The SV pointers on the stack refer to the actual values supplied to the shuffle() function. We don't want this. We want copies instead, so we use the function sv_mortalcopy() to make a reference counted clone of each incoming scalar.

The scalars go into an array allocated with Perl's internal New() function, and then we shuffle them. After shuffling, we push the return values on the stack one at a time with the XPUSHs() function and free the temporary storage we used to hold the array of pointers. If all this seems sketchy, which it probably does, consult the perlguts and perlxs man pages for more details.

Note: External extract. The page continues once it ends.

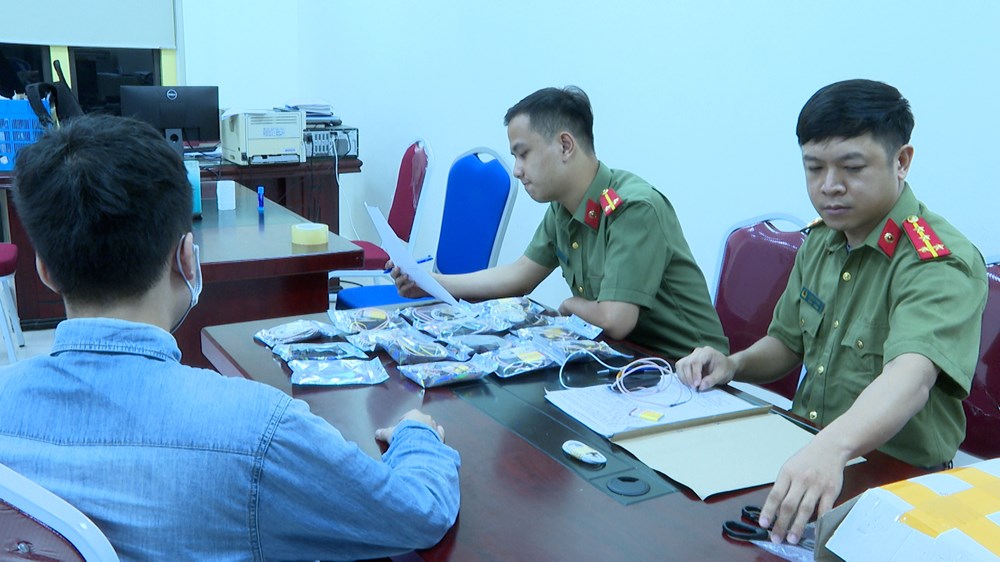 Phát hiện thiết bị siêu nhỏ để gian lận trong thi tốt nghiệp THPT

At this point, you can save Shuffle.xs and build it:

 %  make

You will see a few lines of gobbledygook as Shuffle.xs compiles (hopefully) and as some other files are created and copied into their preinstallation locations. If the build was successful, you should create a test script. Open the test script template test.pl and add the following lines to the bottom:

 @shuffle = shuffle 1..10;  print "@shuffle\n";  print "ok 2\n";

Now, type:

 %  make test

You should see something like the following at the bottom of the output:

 ok 1  6 4 1 5 3 7 10 2 8 9  ok 2

Voila! Now you just need to write the documentation POD (see Item 46). This is left as an exercise to the reader.

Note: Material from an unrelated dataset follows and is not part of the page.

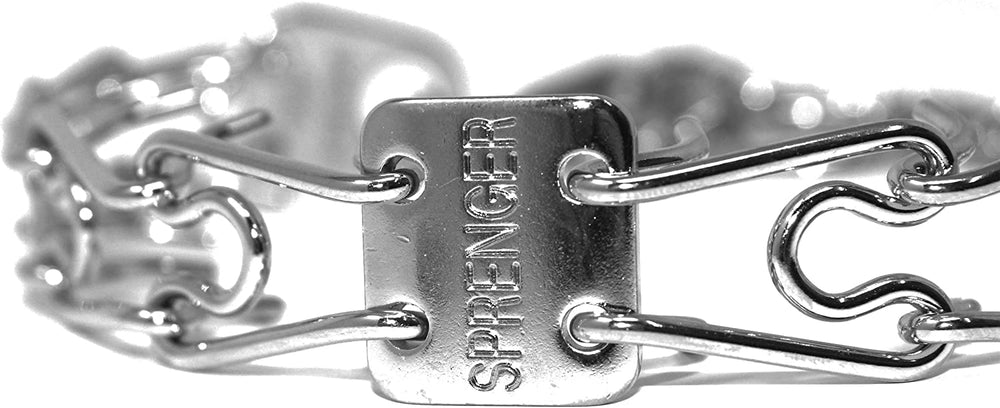 Center plate design on Herm Sprenger collar for balanced contact and clear signaling.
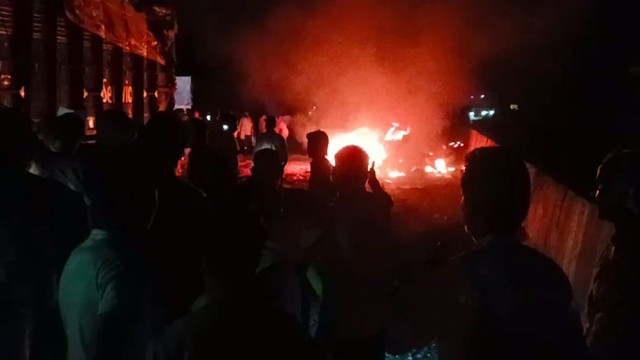 ভারতে চার যানবাহনের সংঘর্ষ ও অগ্নিকাণ্ড: নিহত ১১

Let's take this module and run some benchmarks. In the process we will also try out the blib pragma (see Item 43). Create a short benchmark program, called tryme as usual:

 use Benchmark;  use List::Shuffle;  # insert shuffle1() and shuffle2() from above here  timethese(500, {      'shuffle' => 'shuffle 1..1000',      'shuffle1' => 'shuffle1 1..1000',      'shuffle2' => 'shuffle2 1..1000',  });

Even though List::Shuffle isn't installed, we can use it if we tell Perl how to find the copy in the build library. The usual way is to invoke the blib pragma from the command line (this assumes tryme is in the same directory as the blib directory):

 %  perl -Mblib tryme  Using /home/joseph/perl-play/xs/List/Shuffle/blib  Benchmark: timing 500 iterations of shuffle, shuffle1,  shuffle2...     shuffle:  3 secs ( 3.31 usr  0.00 sys =  3.31 cpu)    shuffle1: 28 secs (28.79 usr  0.00 sys = 28.79 cpu)    shuffle2: 31 secs (30.68 usr  0.00 sys = 30.68 cpu)

Well, that's an improvement in speed. As you can see, the XSUB shuffle ran approximately eight times faster (on my machine, anyway) than the two versions written in Perl. With better stack handling and some other optimizations it could be made a little faster still. But we will have to leave that as another exercise for the interested reader.